My father, U.S. Army Capt. Fred Ferguson, served three tours in Vietnam and retired 15 years ago after 29 years in the military. He mentioned he was in something called “Tiger Force.”

“They did the same thing to us, tried to blame the recruits,” he said. “The officers covered it up. Everyone got off, but it’s the same thing.”

Half-listening, I turned to my computer. I typed “Tiger Force” into a Web search engine and got a hit--a series of articles last year in the Toledo Blade, an Ohio newspaper, about a 45-member special-operations unit called Tiger Force. My father, a sergeant then, said he had volunteered for the preeminent group and joined the platoon in May 1967--the same time the articles said things began to go wrong. He was transferred out three months later, in July, after a disagreement with his platoon leader. What I read made my skin crawl.

“Let me get this right,” I said, my voice unsteady. “It says here that the guys in your unit sexually assaulted, murdered and mutilated civilians. Is this right?”

He paused. “I’d heard that.”

I kept reading. “And it says that your unit killed innocent women and children, and cut the ears off people and wore them as necklaces. And people were scalped. Scalped? What is that about?”

I started to cry. “Why are you telling me this?”

He tried to explain, but I cut him off, said I had to go. Hours later I was still reeling. Who was this man who forgot to mention this experience, and who now was casually dropping it into my life? Unable to sleep, I went back to my office and read the articles more closely.

Advertisement

Last year, the Blade wrote a series of investigative articles about the activities of an elite reconnaissance unit of the 101st Airborne Division of the U.S. Army. The unit roamed the central highlands of South Vietnam, terrorizing its way through civilian areas from May to November of 1967. None of the atrocities had been chronicled before, and no one has been formally charged with any crime despite evidence that the unit was clearly out of control. My father was there. He told me he had volunteered “because we had been trained as a reconnaissance unit. It was like putting the ‘Dirty Dozen’ together. We were supposed to be something special.”

The story remained buried until three reporters, Michael D. Sallah, Mitch Weiss and Joe Mahr, uncovered it and started talking to former soldiers and victims. They won a Pulitzer Prize this year for their reporting.

I was sick to my stomach when I finished reading. I called my father at his home near Carmel. “Were you involved in any of this?”

He took a deep breath. “I can remember it like yesterday. It was May, and there was a full moon. I was on guard duty and I saw a figure run across the field. He was lit up by the moon. I shot him and he went down. I thought that was the end of it. Later he started to moan, real loud, because I guess I just wounded him. [My commanding officer] was mad at me because I wouldn’t go out into the jungle to finish him off. In the morning, he took me and two other guys to find him. He was still alive.”

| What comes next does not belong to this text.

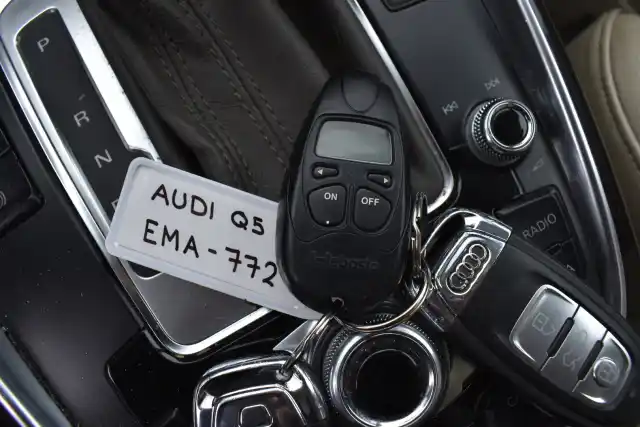 Sininen Maastoauto, Audi Q5 – EMA-772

My father paused. I waited. “My CO asked us who wanted to slit the guy’s throat. The other two started to argue over who got the honors. I never saw them actually kill him, but later I saw the guy’s body. I was pretty disgusted.”

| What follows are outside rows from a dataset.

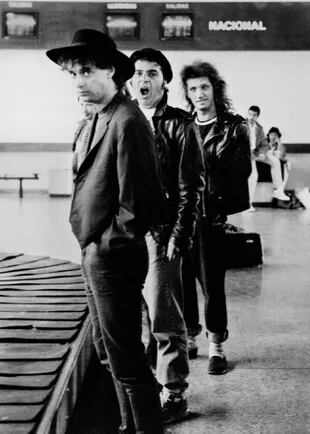 Cerati, Bosio y Alberti de regreso en Ezeiza, 1987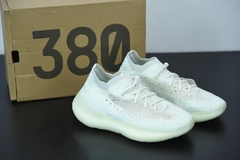 Tênis Adidas Yeezy Boost 380 Calcite Glow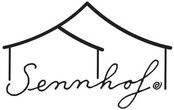 Eine schwarz-weiße Zeichnung eines Zeltes mit der Aufschrift „Sennhof“ darunter.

After that, he said his commanding officer was always on his back. He was 29 then, not as easily influenced as some of the younger Tiger Force members. He was transferred a few months later to another company. He reassured me, saying, “I can still sleep at night.”

Advertisement

If I didn’t know differently, I might have been reassured. But most nights he ends up on the couch and often sleeps in his car.

So is he telling me the truth, or what he thinks I want or need to hear? I wanted to ask, but I couldn’t. For the first time in our relationship, my dad was sharing something deep and dark with me. I wasn’t prepared for the revelation, and I definitely wasn’t ready to judge him.

I did ask him one last question: “Why didn’t you tell anyone?”

“Who would I tell?” he said. “The officers knew what was going on. It went all the way up the chain of command. Besides, unless you were there, you don’t know how it was. It was kill or be killed.” Referring to the American soldiers at the Iraqi prison, he said, “Those guys went too far.” Even if they face charges, he said, “You know the guys at the top will walk. Somebody should say something.”

I was worn out when I hung up the phone. It took a few days, but at some point I began to understand why my father told me his story. He wants me to put his story down on paper. He passed all this along to his daughter, for reasons too complicated for me to understand. But telling his story is the least I can do for him. Maybe the other questions, maybe even forgiveness, will come later.